%%

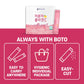 BOTO Small Molecular Collagen C (90 Sticks)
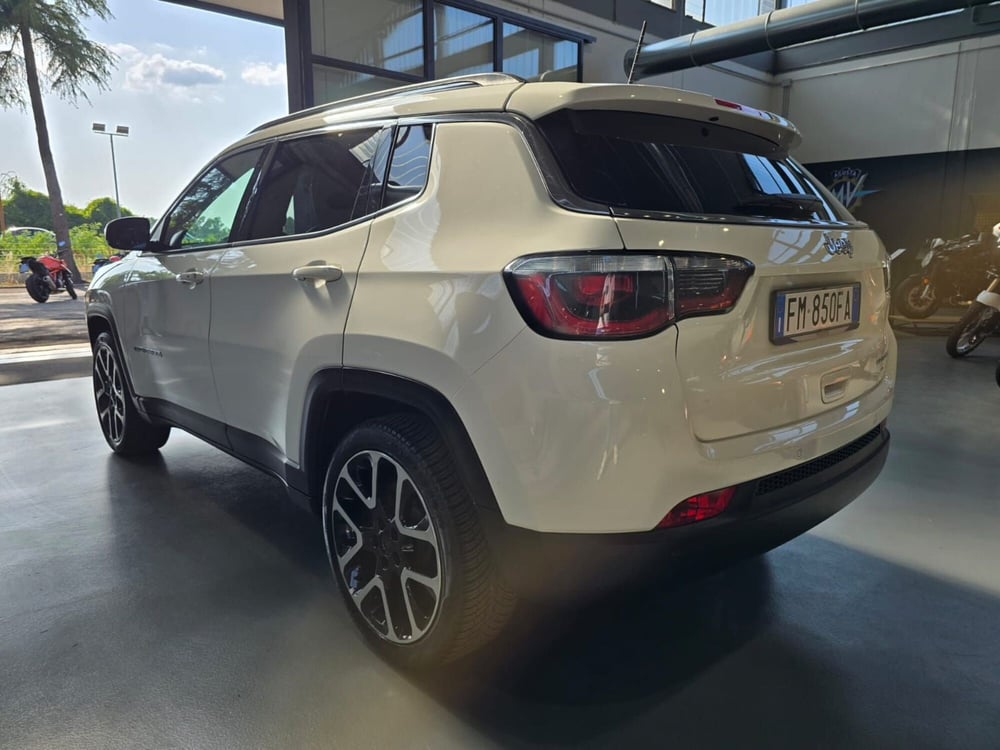 Jeep Compass usata a Rimini (7)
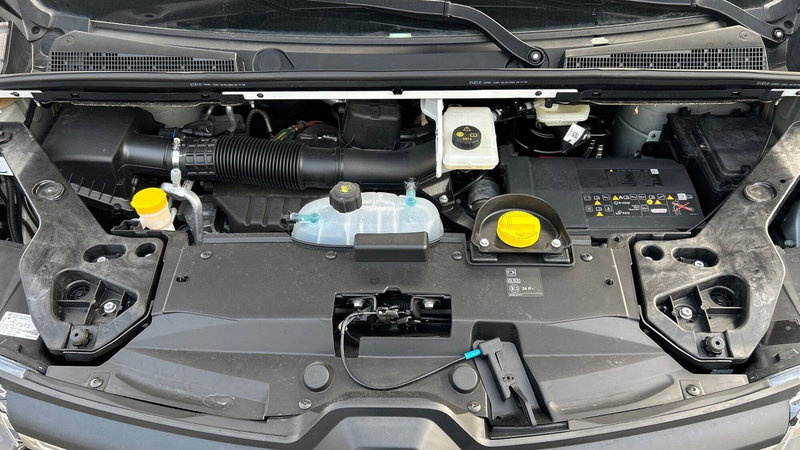 Renault Trafic Furgone usata a Padova (19)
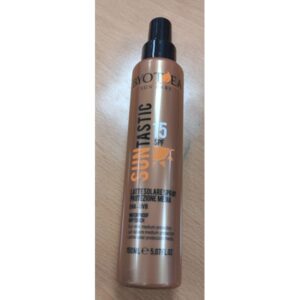 Leche Solar Spray Protección media 15 SPF 150 ML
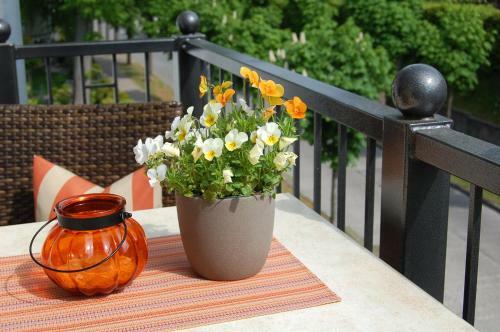Apartamento Villa Sanddorn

%%

== TASK DIRECTIONS ==
The data above should be repeated exactly, minus any pictures.

== REPLY ==
 BOTO Small Molecular Collagen C (90 Sticks)
 Jeep Compass usata a Rimini (7)
 Renault Trafic Furgone usata a Padova (19)
 Leche Solar Spray Protección media 15 SPF 150 ML
Apartamento Villa Sanddorn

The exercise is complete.